● DESCRIPTION OF THE TASK
Within the entries below, find the portion that opens with the line containing "Seductive and submissive" and closes with the line containing "Microwave, oven, stovetop, dishwasher". Retype that portion exactly and only.

● MATERIAL SHOWN
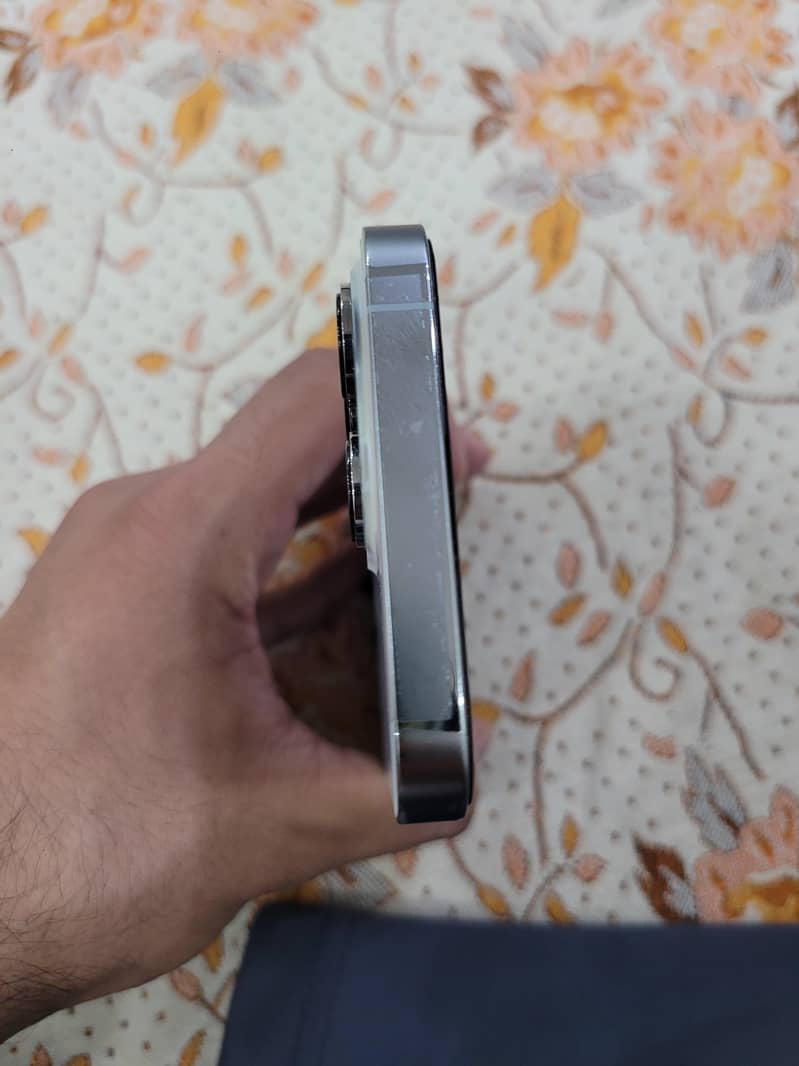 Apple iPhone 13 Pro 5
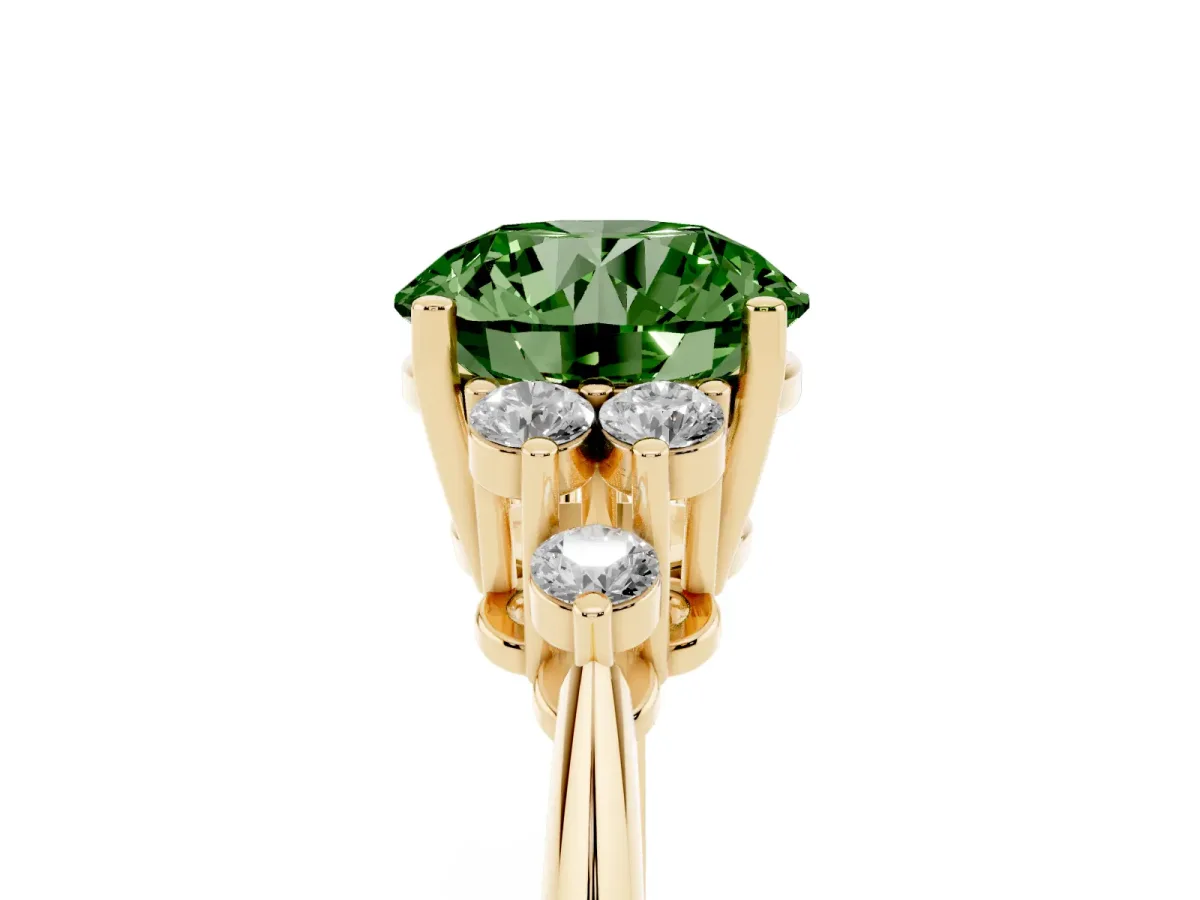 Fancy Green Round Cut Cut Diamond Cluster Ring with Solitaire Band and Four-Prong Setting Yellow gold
...
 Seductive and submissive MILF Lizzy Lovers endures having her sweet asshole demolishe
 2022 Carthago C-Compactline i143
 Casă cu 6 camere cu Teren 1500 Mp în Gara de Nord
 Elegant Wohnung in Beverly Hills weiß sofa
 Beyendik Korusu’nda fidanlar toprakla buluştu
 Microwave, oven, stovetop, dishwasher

● TASK RESPONSE
 Seductive and submissive MILF Lizzy Lovers endures having her sweet asshole demolishe
 2022 Carthago C-Compactline i143
 Casă cu 6 camere cu Teren 1500 Mp în Gara de Nord
 Elegant Wohnung in Beverly Hills weiß sofa
 Beyendik Korusu’nda fidanlar toprakla buluştu
 Microwave, oven, stovetop, dishwasher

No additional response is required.